2.5.  What's the status of print spool (\PIPE\spoolss) support in the NTDOM
code?

The implementation of support for .\spoolss pipe is about 75% done but has
not been checked into the HEAD branch code (well, not true exactly...parts
of it have).  The current solution implemented in Samba 2.0 is to cause the
NT box to thunk back down to the LanMan printing calls.  If you add a
printer from a Samba 2.0 server, the port should appear in the connection
as a LanMan printer port.

  ------------------------------------------------------------------------

2.6.  I keep getting the message "trust account xxx should be in
DOMAIN_GROUP_RID_USERS."  What do I need to do?

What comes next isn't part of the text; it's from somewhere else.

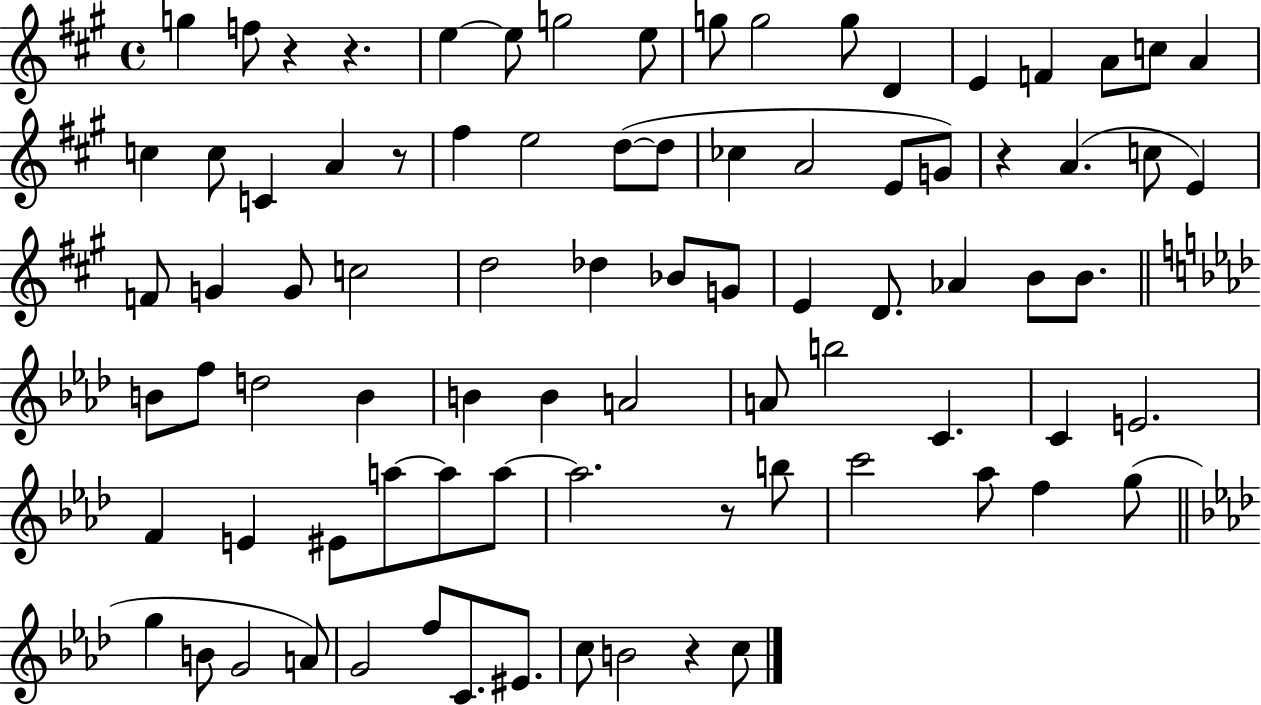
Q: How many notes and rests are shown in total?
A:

Nothing.  This is a note that one of the developers put in to remind him 
of a issue that is yet to be resolved.  It is harmless and should be ignored.  
If you find it filling up your debug logs, you can set it to be logged at a 
higher level.   Edit passdb/sampass.c and locate the string.  Then change 
the debug level from 0 to 3 or higher.

  ------------------------------------------------------------------------

2.7  I joined the domain successfully but after upgrading to a newer 
version of the Samba code I get the message, "The system can not log 
you on (C000019B), Please try again or consult your system administrator" 
when attempting to logon.

This occurs when the domain SID stored in private/WORKGROUP.SID is changed.  
For example, you remove the file and smbd automaticaaly creates a new one.   
Or you are swapping back and forth between versions 2.0.x and the HEAD branch
code (not recommended).  The only way to correct the problem is to 

   * Restore the original domain SID 
   * Remove the domain client from the domain and rejoin. 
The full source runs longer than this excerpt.